14 thoughts on “Science and KDE: kile”

  1. Just to note for people who may not understand the cmake command, it is missing to periods at the end. It should look like the following:

    cmake -DCMAKE_INSTALL_PREFIX=`kde4-config –prefix` ..

    Then you can continue following the instructions.

    Yes there is TexMaker and it is actually pretty nice. I have always been a huge fan of Kile and this really excites me to see the work being done. I know a ton of non-KDE people who absolutely love Kile. Right now, I just finished updating my resume, and used vi to do it. Not even 5 minutes after completing it, I ran across this post :) Keep up the killer work, I shall be following you closely.

  2. I use ConTeXt instead of LaTeX in Kile, becaue it allows me flexibility that LaTeX just couldn’t give me.

    I sure hope Kile 2.1 will be (even) easier to tweak into the perfect ConTeXt tool! ;)

  3. Actually Kile and Kaffeine are the two applications that keep me from cleaning my disk of all kde3. But it looks very good and according to svn logs command completion is very improved. As a side-note I use cb2bib to extract bibtex information from pdf articles. It really eases the pain of cataloging all new papers. You may want to take a look at it:
    Have fun!

  4. @nixternal: Whoops, thanks for noticing. I fixed the entry.
    @fullmetalcoder: A Qt4 application is not completely integrated in KDE, that is why I didn’t search for Qt equivalents like TexMakerX.

  5. It would be great if all the power of kile and LaTex was offered in a way that the reset of us mere mortals could actually understand.

    I have played around enough with it to see where it could really kick ass, but it is too difficult to master without devoting a whole month of life, which I currently don’t have. If some of these tools had a learning mode that could be disabled by more advanced users, it would really help.

    Nonetheless, I will master LaTex one day.

  6. @KDEuser — that’s essentially what LyX is.

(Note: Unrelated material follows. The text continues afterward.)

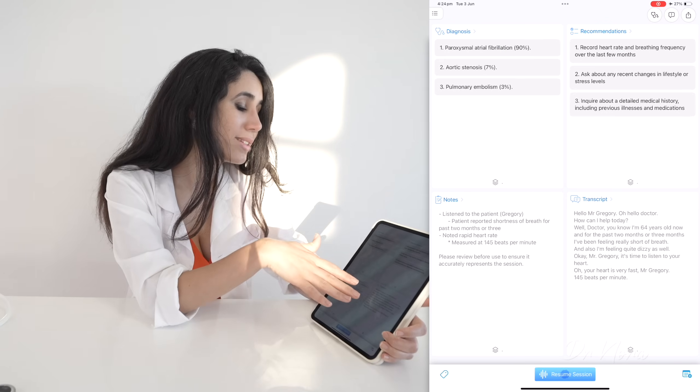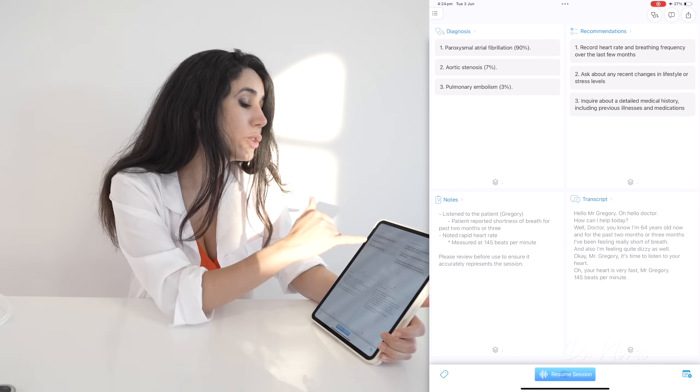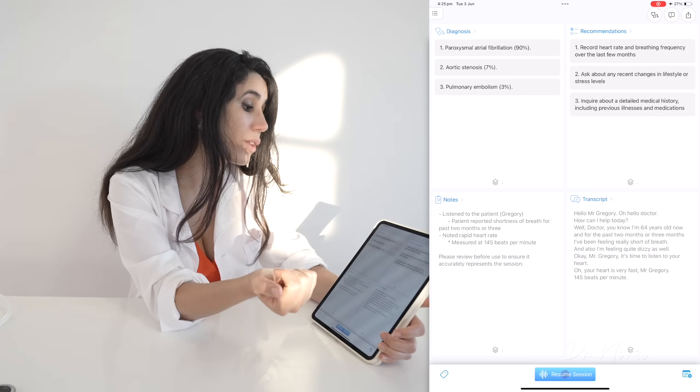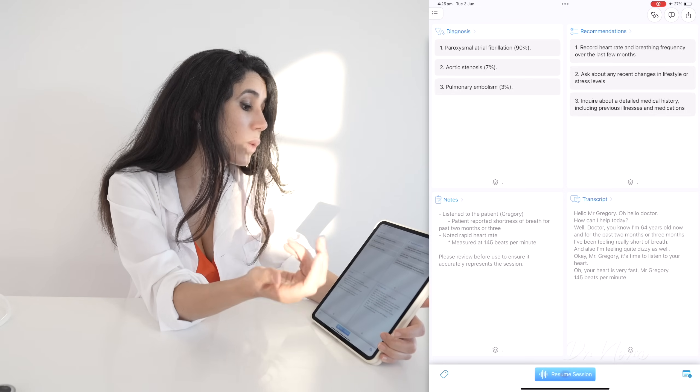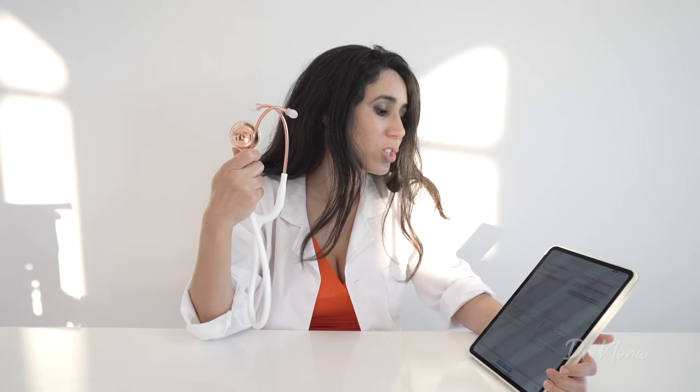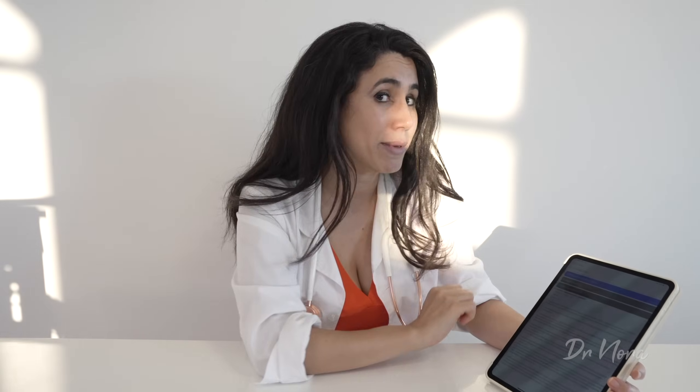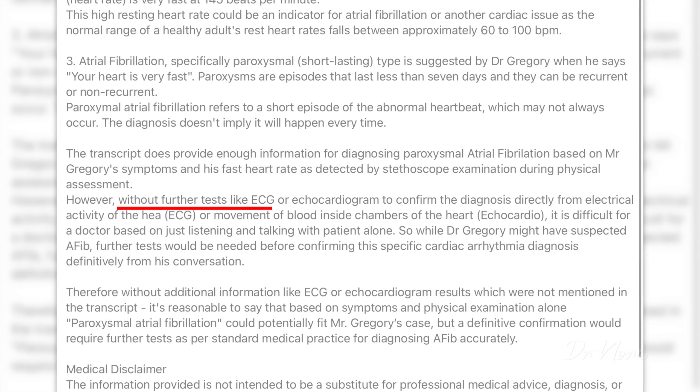On the front page it also gives recommendations I could follow as a doctor — for example, record the heart rate, ask for any recent changes in lifestyle, and inquire about any previous medical history. That's quite impressive that it's changed its differential diagnosis just from sensor information from our stethoscope. As a GP, I would never diagnose atrial fibrillation just from dizziness, shortness of breath, and a fast heart rate. We would do a full history, full clinical examination, an ECG, and an echocardiogram — which, notably, the AI itself advises.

It’s a more WYSIWYG-like frontend for LaTeX. They call it `WYSIWYM’ — what you see is what you *mean*. It’s actually relatively good for exploring LaTeX’s abilities, and then you can study its LaTeX export results to figure out how to do certain things in LaTeX.

  7. A port to KDE4 isn’t worthy of a major version increment?! Does kile have to cure cancer before it can earn 3.0? :)

  8. As far as I remember, the great feature promised for the kde4 port was using the new kate-edit component that apparently does inline spell-checking.

    Now… Does it?

  9. @gromgull: In the options there’s a checkbox called “Toggle Spell-check On the Fly”, so it may be the one you’re mentioning.

  10. Hi all,

    if you use kile it is not unlikely that you are also interested in a kde program to organize your scientific literature, and in particular associated bibliographic information. I love kbibtex for this, see . Currently it is kde3, but the port to kde4 is planned for the next future.

  11. Is there any release schedule for kile 2.1? To have only one kde3 app on the computer is kind of annoying and I don’t want to switch to SVN if it’s still unstable. Loosing hours of work just because of a crashing application is more than just annoying. But I’m actually thinking about installing 2.1-svn anyway to take a look at it.

  12. @woto: I use the opensuse rpms and they are quite stable. It crashed twice on closing the program in my now week-old use of Kile 2.1.SVN, but in both cases I did not lose any data. It has some hidden new features but mainly it is now consistent with my KDE4 desktop.

    @einar: thanks for the review, it made me look for kile-kde4 (I was waiting for it!) and then I found it.